--- START ---
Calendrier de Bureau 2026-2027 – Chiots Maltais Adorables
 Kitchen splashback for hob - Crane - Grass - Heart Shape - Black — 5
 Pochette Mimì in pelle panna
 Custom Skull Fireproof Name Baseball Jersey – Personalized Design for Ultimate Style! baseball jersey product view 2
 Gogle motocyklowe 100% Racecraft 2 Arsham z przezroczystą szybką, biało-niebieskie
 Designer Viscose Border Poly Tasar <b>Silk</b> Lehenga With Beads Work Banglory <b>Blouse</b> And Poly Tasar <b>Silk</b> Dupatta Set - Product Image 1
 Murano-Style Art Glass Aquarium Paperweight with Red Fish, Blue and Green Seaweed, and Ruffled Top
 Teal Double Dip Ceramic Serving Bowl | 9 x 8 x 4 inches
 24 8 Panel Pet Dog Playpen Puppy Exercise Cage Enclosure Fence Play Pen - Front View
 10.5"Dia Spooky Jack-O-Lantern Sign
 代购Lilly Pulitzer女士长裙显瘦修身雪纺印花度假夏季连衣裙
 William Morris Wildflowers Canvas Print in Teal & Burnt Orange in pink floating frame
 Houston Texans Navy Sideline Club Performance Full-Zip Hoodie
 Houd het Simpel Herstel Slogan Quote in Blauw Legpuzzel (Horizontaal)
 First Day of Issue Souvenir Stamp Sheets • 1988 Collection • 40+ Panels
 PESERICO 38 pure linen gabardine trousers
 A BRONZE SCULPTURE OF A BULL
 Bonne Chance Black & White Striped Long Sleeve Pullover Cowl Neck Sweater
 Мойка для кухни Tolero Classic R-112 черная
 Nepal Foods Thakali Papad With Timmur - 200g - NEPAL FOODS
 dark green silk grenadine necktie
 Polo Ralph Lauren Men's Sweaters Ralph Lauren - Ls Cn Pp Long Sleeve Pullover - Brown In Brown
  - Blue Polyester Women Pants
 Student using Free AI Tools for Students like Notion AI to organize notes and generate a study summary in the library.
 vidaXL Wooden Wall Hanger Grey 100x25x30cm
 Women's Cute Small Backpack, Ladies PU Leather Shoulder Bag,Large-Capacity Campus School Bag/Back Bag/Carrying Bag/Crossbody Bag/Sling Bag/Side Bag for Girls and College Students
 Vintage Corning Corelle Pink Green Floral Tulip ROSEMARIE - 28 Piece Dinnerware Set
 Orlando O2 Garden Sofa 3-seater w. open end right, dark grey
--- END ---
Work item: For each line in the listing, return it exactly as shown.

Response area:
Calendrier de Bureau 2026-2027 – Chiots Maltais Adorables
 Kitchen splashback for hob - Crane - Grass - Heart Shape - Black — 5
 Pochette Mimì in pelle panna
 Custom Skull Fireproof Name Baseball Jersey – Personalized Design for Ultimate Style! baseball jersey product view 2
 Gogle motocyklowe 100% Racecraft 2 Arsham z przezroczystą szybką, biało-niebieskie
 Designer Viscose Border Poly Tasar <b>Silk</b> Lehenga With Beads Work Banglory <b>Blouse</b> And Poly Tasar <b>Silk</b> Dupatta Set - Product Image 1
 Murano-Style Art Glass Aquarium Paperweight with Red Fish, Blue and Green Seaweed, and Ruffled Top
 Teal Double Dip Ceramic Serving Bowl | 9 x 8 x 4 inches
 24 8 Panel Pet Dog Playpen Puppy Exercise Cage Enclosure Fence Play Pen - Front View
 10.5"Dia Spooky Jack-O-Lantern Sign
 代购Lilly Pulitzer女士长裙显瘦修身雪纺印花度假夏季连衣裙
 William Morris Wildflowers Canvas Print in Teal & Burnt Orange in pink floating frame
 Houston Texans Navy Sideline Club Performance Full-Zip Hoodie
 Houd het Simpel Herstel Slogan Quote in Blauw Legpuzzel (Horizontaal)
 First Day of Issue Souvenir Stamp Sheets • 1988 Collection • 40+ Panels
 PESERICO 38 pure linen gabardine trousers
 A BRONZE SCULPTURE OF A BULL
 Bonne Chance Black & White Striped Long Sleeve Pullover Cowl Neck Sweater
 Мойка для кухни Tolero Classic R-112 черная
 Nepal Foods Thakali Papad With Timmur - 200g - NEPAL FOODS
 dark green silk grenadine necktie
 Polo Ralph Lauren Men's Sweaters Ralph Lauren - Ls Cn Pp Long Sleeve Pullover - Brown In Brown
  - Blue Polyester Women Pants
 Student using Free AI Tools for Students like Notion AI to organize notes and generate a study summary in the library.
 vidaXL Wooden Wall Hanger Grey 100x25x30cm
 Women's Cute Small Backpack, Ladies PU Leather Shoulder Bag,Large-Capacity Campus School Bag/Back Bag/Carrying Bag/Crossbody Bag/Sling Bag/Side Bag for Girls and College Students
 Vintage Corning Corelle Pink Green Floral Tulip ROSEMARIE - 28 Piece Dinnerware Set
 Orlando O2 Garden Sofa 3-seater w. open end right, dark grey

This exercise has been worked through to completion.